AI systems will profit from your labor, and will never pay dividends

Every single AI tool was created by a business whose business model is getting people to run their models at prices that have been heavily subsidized by venture capitalists. The VC funding racket, as seen by the recent collapse of Silicon Valley Bank, is largely speculative and not grounded in evidence that systems work. For example, OpenAI is subsidized by Microsoft, who immediately integrated ChatGPT into Bing search. These corporations are invested in folks’ dependence on models like ChatGPT and are, in the long run, aiming to crowd out smaller systems that may perform less well on certain tasks.

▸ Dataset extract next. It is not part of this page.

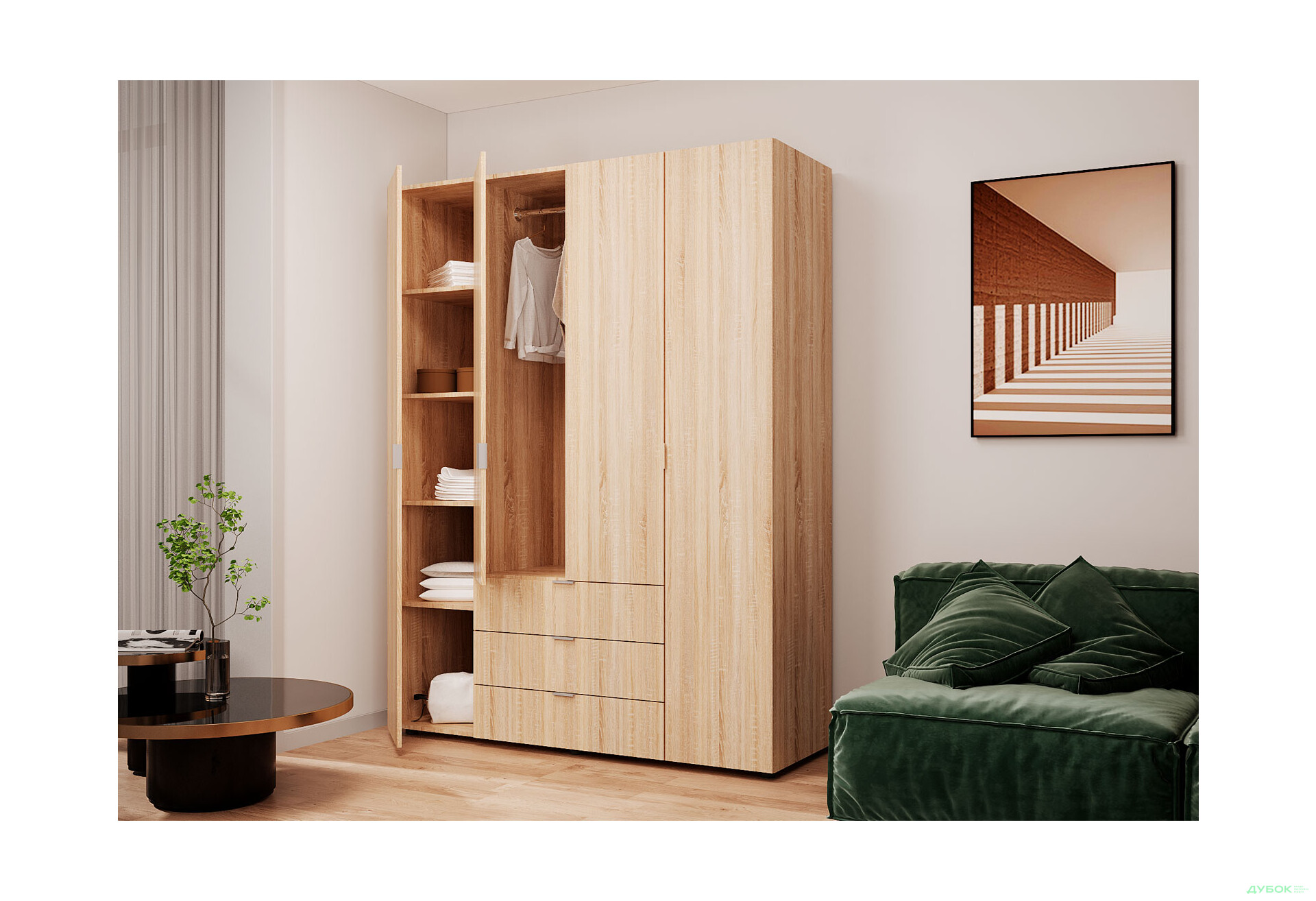 Изображение 4 - Шкаф Doros Гелар 4 ДСП 4-дверная с 3 ящиками 155 см Дуб Сонома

Certainly the approach here is unscientific — the work is not intended for consumption by scientists, is not a suitable object of scientific inquiry, and more importantly the use of this “free” model makes all of us poorer in the knowledge we could have gained about language, statistics, and networks of language communities.

Every one of these systems stands to make a profit from you even if you are not giving them money because your use of the service changes how the service works. Every query you make could be used for an update to the system. Every AI player will make money off ads that better target users querying the search engine, which makes them richer. It’s a trope but we are obviously the product being sold in this scenario. This is at odds with the kind of work scientists do — funded by public dollars, for public sharing of scientific knowledge. If we have to query a private system for private profit, we are undermining the principle value of our work as scientists to society.

In summary

You're better off doing the work yourself. When we use generative AI systems, we all lose. The horizon is approaching, and you have every obligation to prevent the cannibalization of your future self.